* [THE DATA]:

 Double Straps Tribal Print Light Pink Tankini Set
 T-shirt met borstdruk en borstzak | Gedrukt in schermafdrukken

...

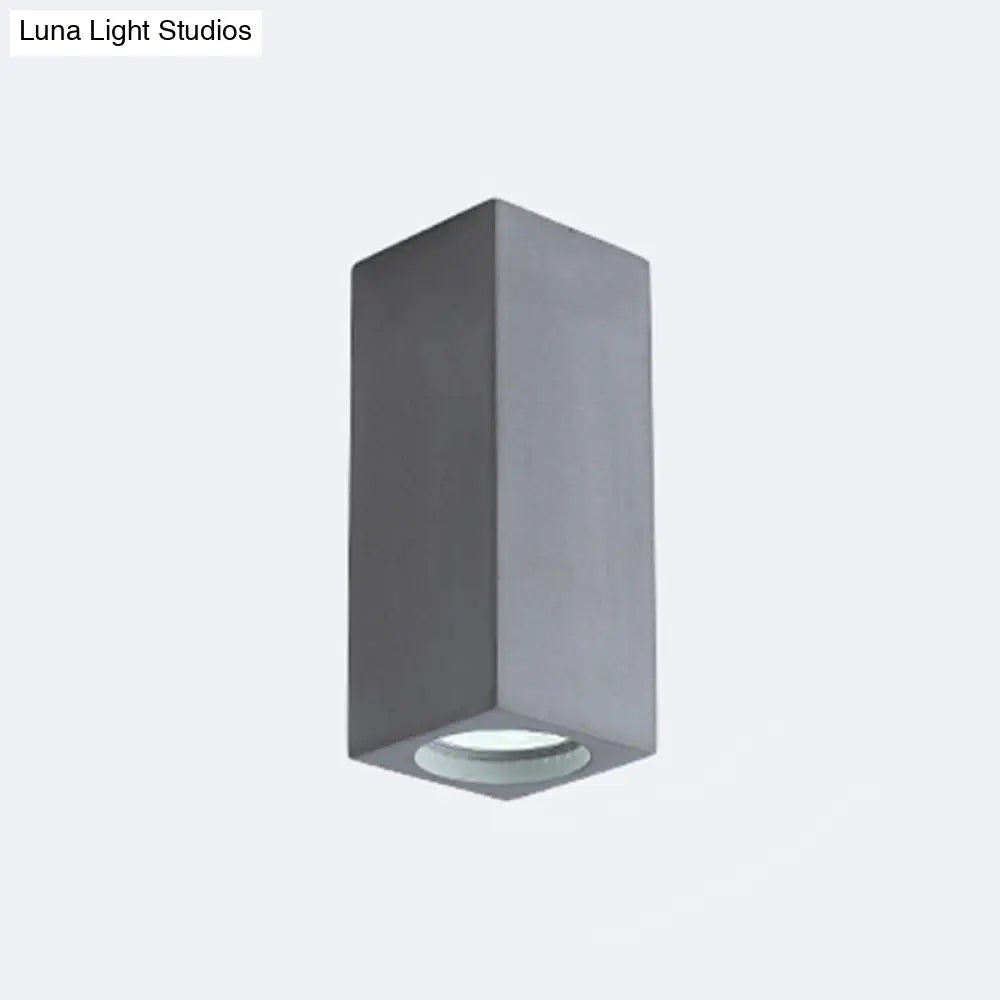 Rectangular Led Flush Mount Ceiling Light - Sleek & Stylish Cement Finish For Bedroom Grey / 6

* [INSTRUCTIONS FOR THE TASK]: In the entries above, find the line holding "Double Straps Tribal" and the line holding "T-shirt met borstdruk"; print both of them and every line between, exactly, and nothing else.

* [RESPONSE AREA]:
 Double Straps Tribal Print Light Pink Tankini Set
 T-shirt met borstdruk en borstzak | Gedrukt in schermafdrukken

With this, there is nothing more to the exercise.